Esta situação de deportações em massa não é nova. Segundo dados da BBC, no ano passado a República Dominicana expulsou aproximadamente 250 mil haitianos, e no primeiro semestre deste ano já havia superado os 60 mil. A Convenção Americana de Direitos Humanos proíbe as expulsões coletivas em seu artigo 22, inciso 9, e há uma década a Corte Interamericana condenou a República Dominicana por este mesmo motivo.
República Dominicana desnacionalizou descendentes
No entanto, este é apenas um dos muitos capítulos de violações sistemáticas dos direitos humanos dos haitianos. Um caso paradigmático é a Sentença 168-13, do Tribunal Constitucional dominicano, emitida em 23 de setembro de 2013, que desnacionalizou retroativamente mais de quatro gerações de dominicanos e dominicanas descendentes de haitianos, afetando mais de 200 mil personas residentes no país.
A particularidade deste caso reside em que o atual presidente da República Dominicana, Luis Abinader, assumiu em maio e, desde sua campanha, promete a expulsão massiva de haitianos como parte central de seu discurso.

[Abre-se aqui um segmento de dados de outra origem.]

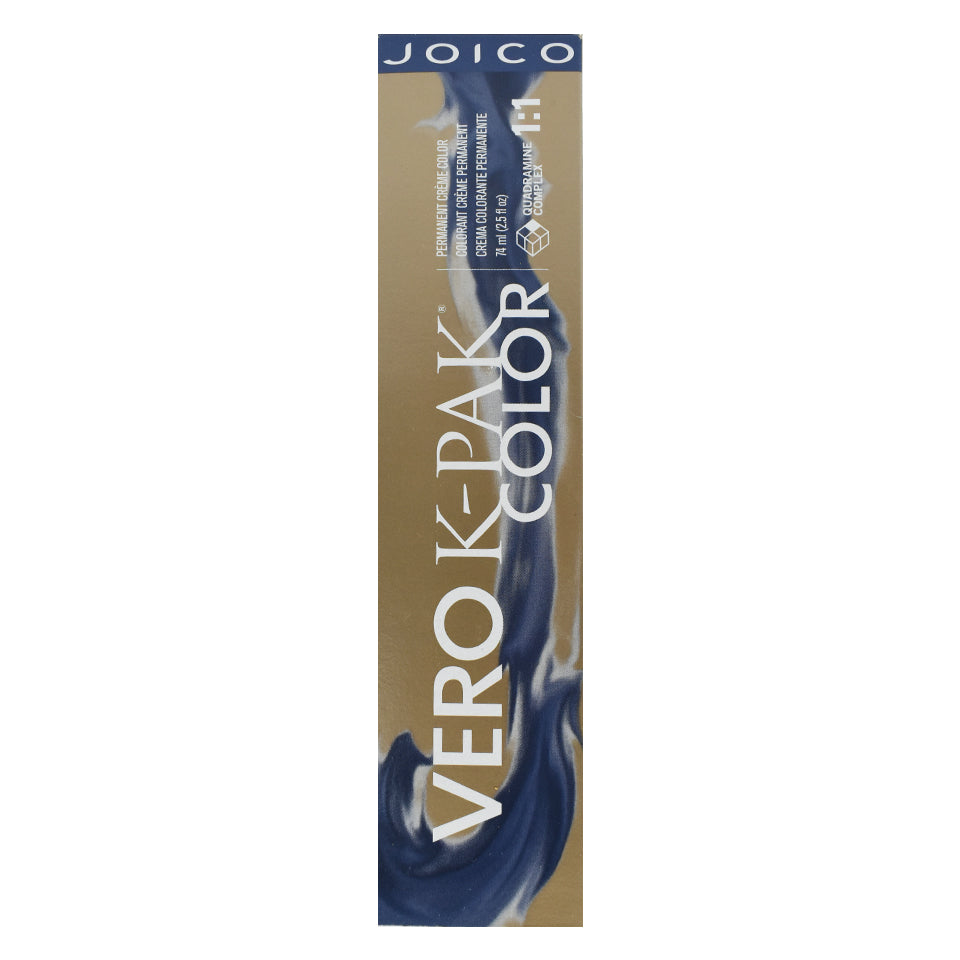 Joico Vero K-Pak Color 1N Vopsea de Par Permanenta 74ml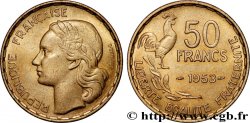 50 francs Guiraud 1953 F.425/10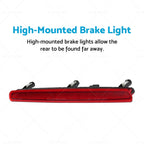 LED 3rd Brake Light for VW Transporter T5 (2003–2015)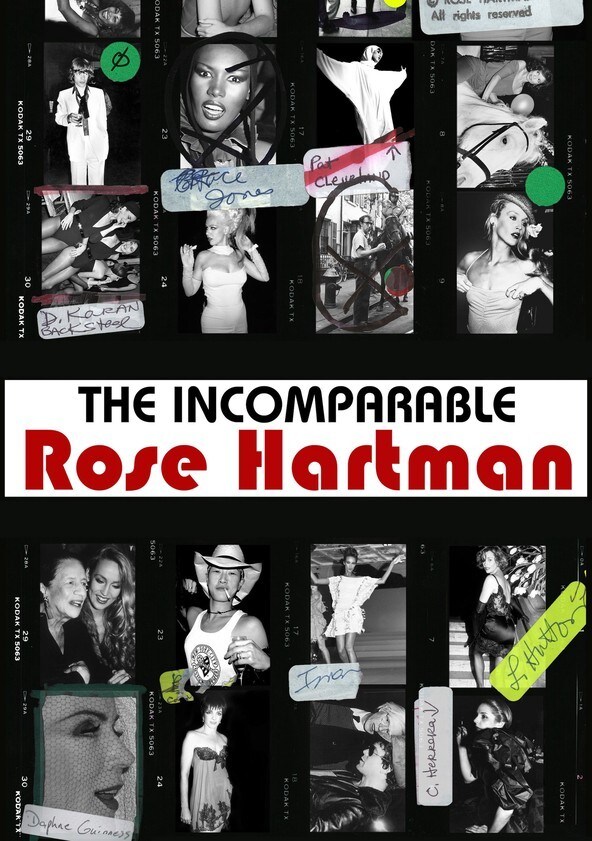 Watch The Incomparable Rose Hartman Full movie Online In HD | Find ...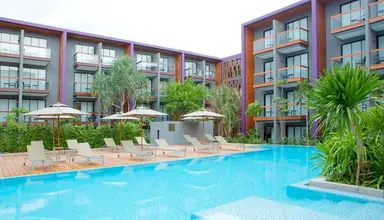 Holiday Inn Express Phuket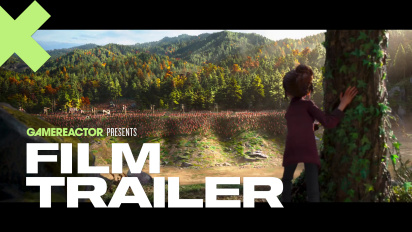 Wildwood - Trailer teaser ufficiale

Agora, começa a executar o que anunciou há mais de um ano. A cifra prometida está respaldada por uma estrutura de deportação massiva que o país já conhece bem, com uma capacidade operativa que parece ajustar-se cada vez mais à crueldade, violência e violações de direitos que sofrem os haitianos.
Situação dramática no Haiti
Enquanto isso, no Haiti, a situação é dramática. A fome generalizada, a violência tanto estatal como de gangues insurgentes, e uma intervenção militar internacional que envolve várias nações transformaram o país em uma caldeira. A escapatória lógica para muitos haitianos é sua vizinha na ilha, a República Dominicana. No entanto, a ilusão de uma saída se choca contra as duras políticas migratórias deste país.
Entre os exércitos envolvidos na intervenção no Haiti destaca-se o do Quênia, que enviou tropas há alguns meses. Apesar dos graves problemas internos que enfrenta, o governo queniano não só reprime brutalmente sua própria população, como também se jacta de fazê-lo do outro lado do Atlântico.
Como reeleição de Luis Abinader na República Dominicana impacta crise no Haiti
Este não é o único caso de intervenção militar no Haiti. Um exemplo relevante na região é o do Brasil. Em 6 de julho de 2005, o exército brasileiro comandou uma intervenção no bairro de Cité Soleil, na capital haitiana, que deixou mais de 60 mortos. Ainda que o fato tenha sido denunciado ante a Comissão Interamericana de Direitos Humanos (CIDH), e se tenha indicado o general Augusto Heleno como responsável pelo massacre, este nunca cumpriu pena. Anos mais tarde, foi designado responsável pela inteligência no governo de Jair Bolsonaro e, posteriormente, Chefe de Gabinete de Segurança Institucional (GSI).
Com o Haiti, parece que tudo é possível, e nunca há sanção para ninguém. Na última reunião da Assembleia Geral das Nações Unidas, o atual presidente do Conselho Presidencial de Transição do Haiti, Edgard Leblanc Fils, recordou a fatídica dívida que a França impôs ao país em 1825 sob ameaça de intervenção militar por ter se libertado do jugo colonial. Esta dívida foi paga até 1947, mas a França nunca reconheceu esta barbaridade nem insinuou devolver o que foi roubado do país caribenho. Nesta 79ª assembleia, tampouco houve resposta a esta demanda.
As deportações massivas se inserem neste contexto, acrescentando um capítulo mais à dor de um povo que resiste e não abaixa os braços, apesar de carregar em seus ombros uma injusta marca histórica. Será que desta vez a comunidade internacional vai reagir?